PRH: One of the things that I was thinking about as I was reading the book, and you touch on it too, is that there is some similarity between transhumanism and millenerian thinking. The idea that since there is going to be this great reward at the end, that the contemporary world as it is now is kind of pointless. The problem of this, I’ve always thought from the religious perspective, is that it deemphasizes solving the problems of today because it’s so focused on this thing that is going to come. I was wondering, did you find that transhumanists were very concerned about contemporary problems?

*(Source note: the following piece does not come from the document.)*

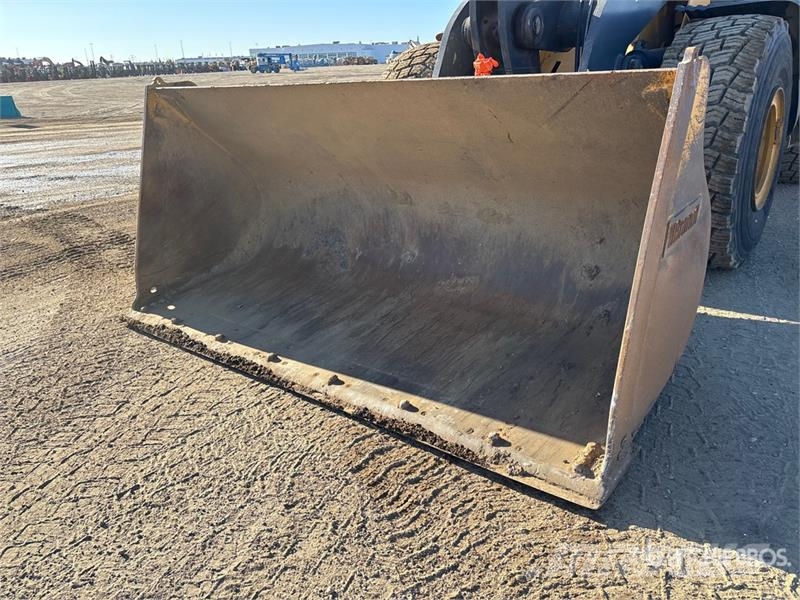 John Deere 724K Pale gommate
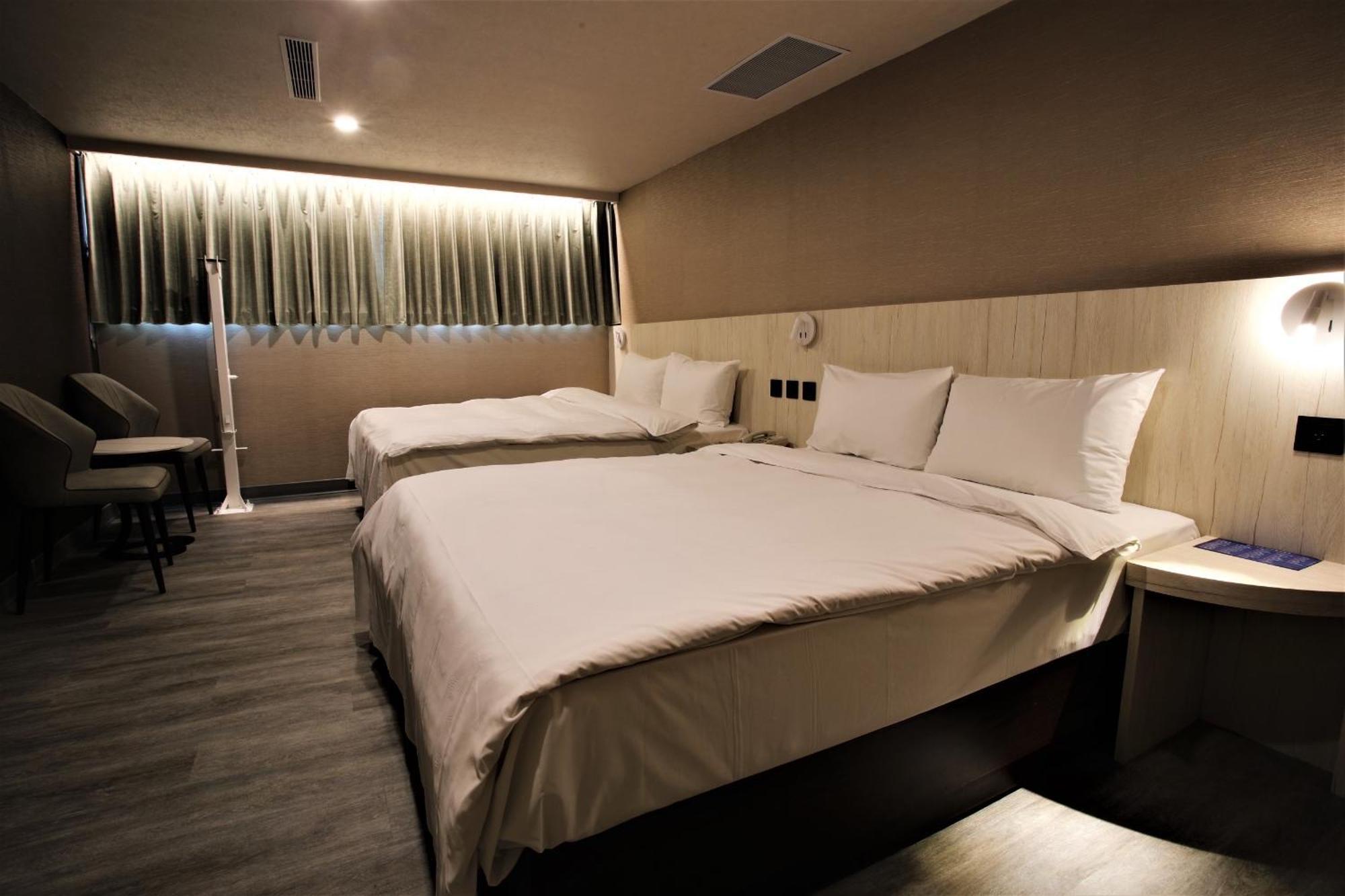 Golden Home Hotel Taipei Bagian luar foto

MO: The short answer is no. Because most of the time you are dealing with rationalists who are so extreme in their rationalism that it becomes insanity in a way. I won’t say they’ll dismiss things like climate change, but they’ll say, oh yea climate change is a problem, but it’s fairly well served and there is a lot of people working on it and it’s not going to wipe out all of humanity, so let’s not worry about it too much. They talk about it in terms of future lives. The lives of the people who are yet to be born are just as important or are given just as much weight in the moral calculus as people who already exists, which I guess as a utilitarian and sort of rigorously rationalist claim does make a kind of sense, but for most actually living human beings, it is kind of weird to think of things in that way, for me certainly. I find it hard to care about people who will be born in one-hundred years’ time as opposed to people who are alive now. Maybe that’s wrong, maybe that’s morally a bit dubious, but it seems to me strange to prioritize the lives of people who have yet to be born over those who are living and suffering now.
PRH: It seems like one obvious criticism of transhumanism is that if what they really want to do is extend human life, then they should be focusing on the things today that really shorten it like war and poverty and inadequate medical care.
MO: Yea. But to these folks like Aubrey de Grey, who I talked to for the book, you are just looking at it all wrong. To them, death is an ongoing holocaust that we deal with everyday and if we bring forward the cure of mortality by however many days, it’s thirty September 11ths a week that we’ve prevented. It’s really hard to argue with that kind of extreme rationalism, I find, because you’re kind of talking different languages altogether.